Moreover, when he refrains from eating he is not only sacrificing appetite, he has also gotten “wise to the bait.” Coyotes who avoid poisoned carcasses restrain their hunger and do not get killed. Hermes does the same thing, if eating the meat means becoming mortal. But for those with actual bellies, such restraint is only a partial solution. No one imagines that coyotes avoiding strychnine give up eating, and even Hermes makes it clear that he doesn’t eat the cattle because he hopes later to enjoy the fruits of sacrifice and prayer. (Those are more ethereal foods, but they are foods nonetheless; when Hermes imagines heaven he doesn’t imagine an absence of hunger, he imagines gods who eat.) Let us say, then, that wise-to-the-bait Hermes is a bait thief as well. Raven, remember, figures out how to eat the fat and avoid the hook. Hermes steals the cattle and, dedicating the smoke of sacrifice to himself, consumes only the portion that will not harm him. To say that Hermes will enjoy “the fruit of sacrifice and prayer” is an elevated way of saying we’ve met another trickster who eats the fat and leaves an empty hook behind.

* This cycle of tales was first printed in the key early work on trickster figures, Paul Radin’s The Trickster: A Study in American Indian Mythology (1956). Radin was an anthropologist with a 1910 doctorate from Columbia University. He lived and worked with the Winnebago in Wisconsin for many years, and his commentary places their trickster cycle in its cultural contest with great finesse.

* Trickster eats his own intestines. He does not do this intentionally, but nonetheless it is a kind of self-sacrifice. When Carl Jung said that the trickster “is a forerunner of the savior,” he had in mind this motif of unconscious agony.

* This could be read as a strange version of the vagina-dentata motif (which does occasionally appear in trickster stories). If so, rather than understanding the toothed vagina as an image of horrific castration, we could take it as an image for the conversion of crippling desire into appropriate desire. These teeth don’t devour the sexual organ, they shape it.
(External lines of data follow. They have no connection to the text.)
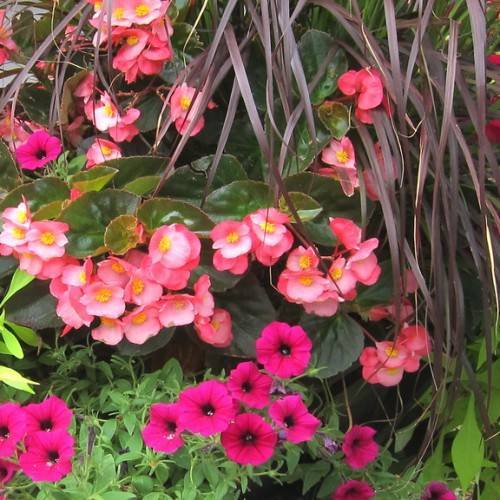 Green leaves and pink-red-white flowers with a yellow stamens held above the green foliage.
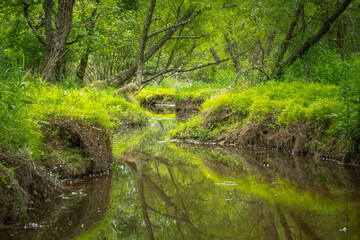 A tranquil landscape of a creek lazily meandering throuh the lush spring greenery in the forest.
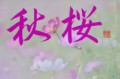 秋桜（コスモス）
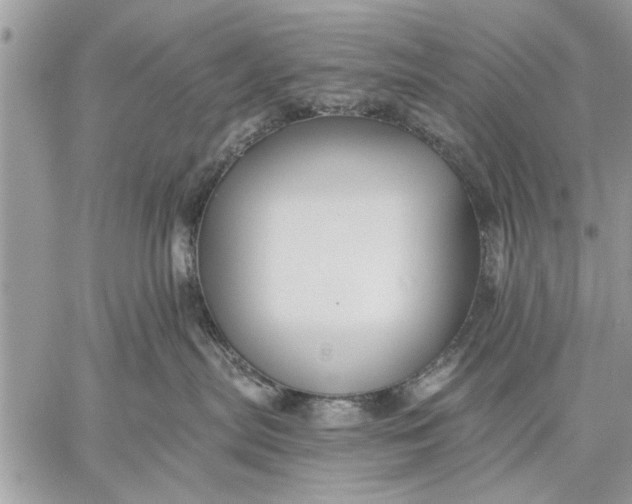 X0000059080287200510281731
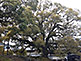 Camphor Tree in Shoren-in Temple in Kyoto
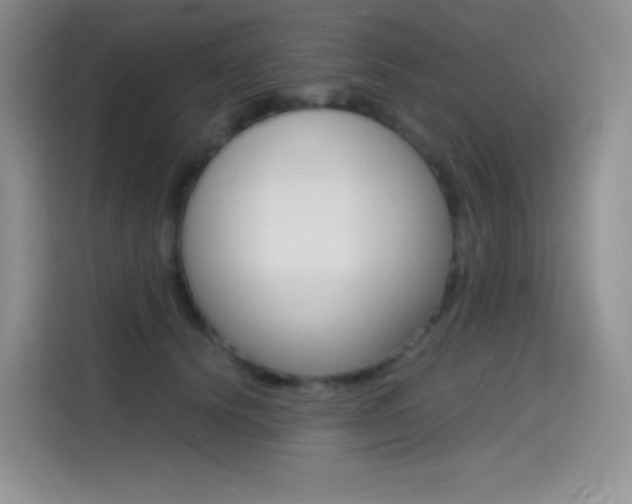 X0000114430656200910161033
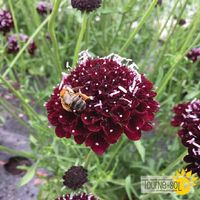 scabieuse-black-knight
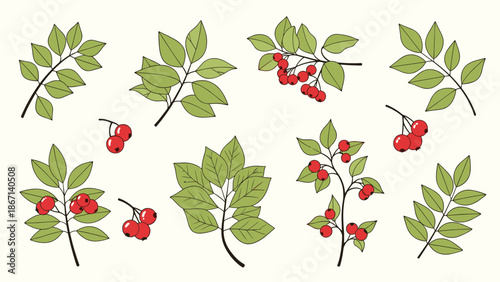 Collection of various green leafy branches with small red berries arranged as decorative botanical design elements on a cream base.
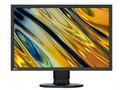 EIZO ColorEdge CS2400R - CS Series - LED monitor -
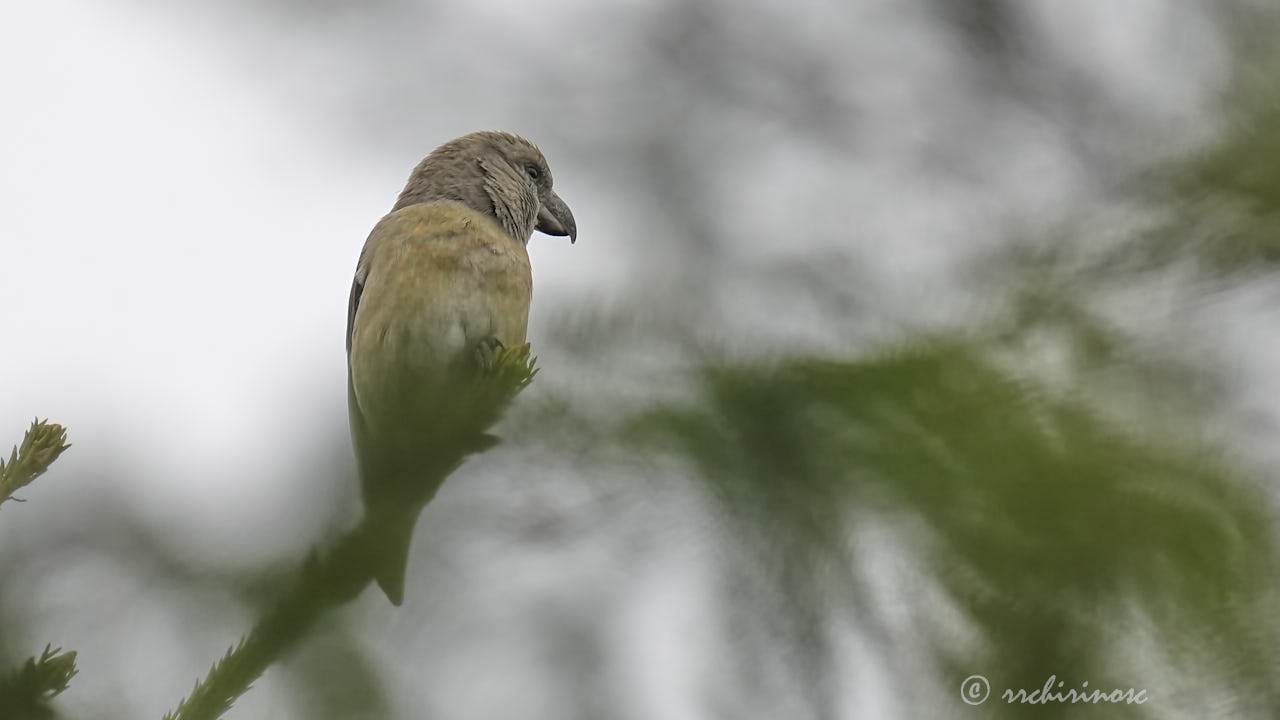 Red crossbill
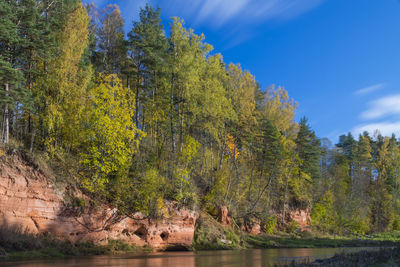 Trees on sandstone formation in river against sky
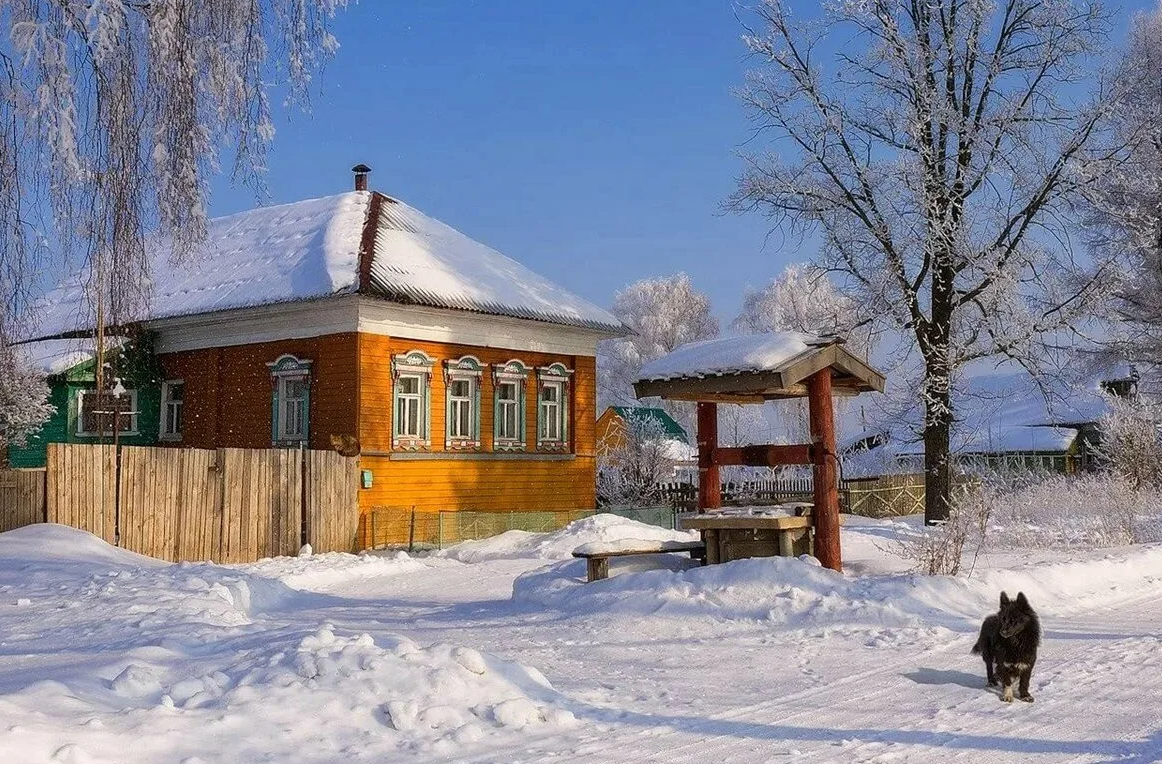 Яндекс картинки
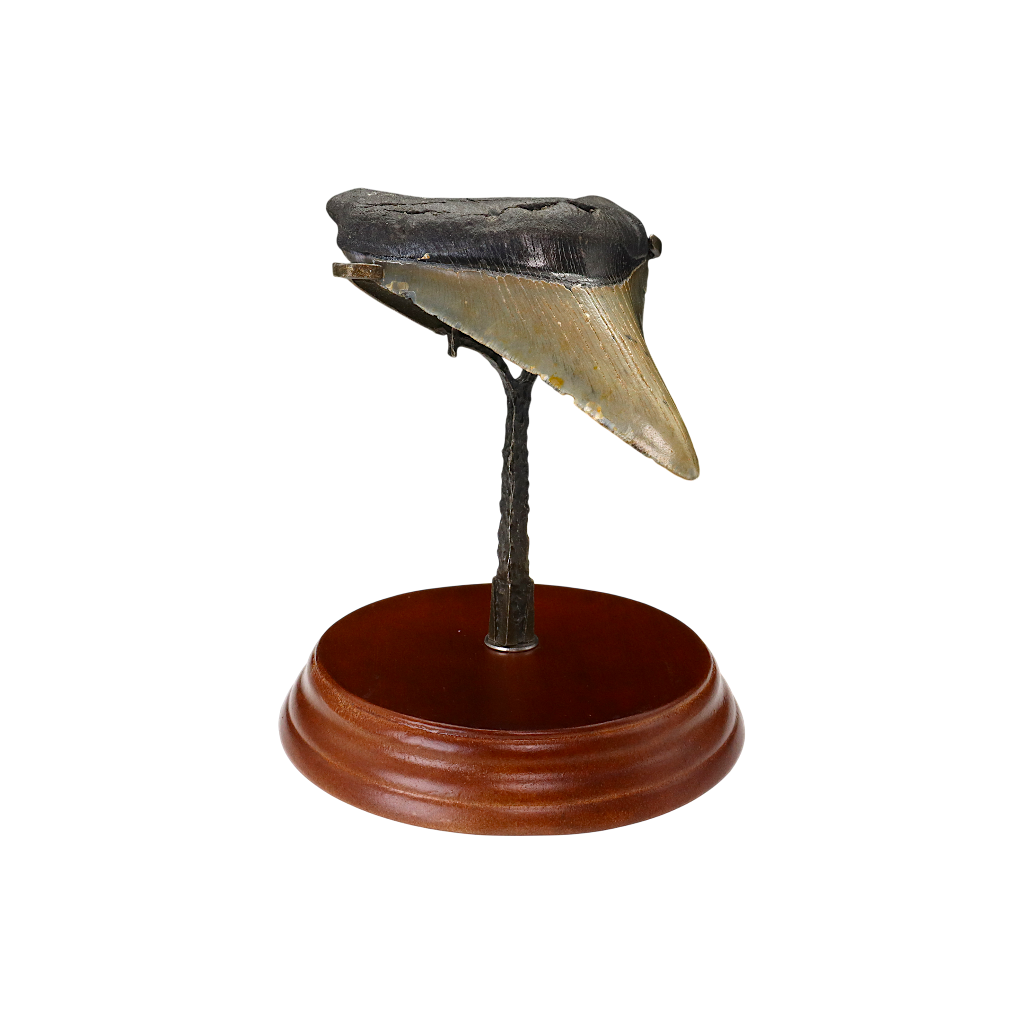 Megalodon Shark Tooth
* The Homeric Hymns are a group of poems, each to a specific god (Demeter, Dionysus, Apollo, etc.), written in the style of the Iliad and the Odyssey. The Hymn to Hermes was probably written down around 420 B.C., though the material it contains is of great antiquity. My own translation of this hymn appears in the first appendix at the end of the book.

There is a bit of a joke here. There are twelve Olympian gods and Hermes is one of them, or rather he’d like to be. Here he includes himself in the sacrifice so as to stake his claim. He’s like a politician nominating himself for high office, seconding the nomination, and counting the votes—all in secret.

* Jean-Pierre Vernant in The Cuisine of Sacrifice : “He establishes the first sacrifice.” T. W. Allen in The Homeric Hymns : Hermes “ordained the ritual of sacrifice.” Walter Otto in The Homeric Gods: “He is … regarded as the prototype for offering sacrifice.” Walter Burkert in Greek Religion : “He invents fire, fire-sticks, and sacrifice.” (And see Burkert’s essay “Sacrificio-sacrilegio: il trickster fondatore.”) For two who disagree, see the first chapter of Kahn’s Hermès Passe and the chapter on Hermes in Clay’s The Politics of Olympus.

* I realize that there can’t be a change if we’re talking of beginnings, but we are in mythic time here, and in mythic time first things needn’t come first.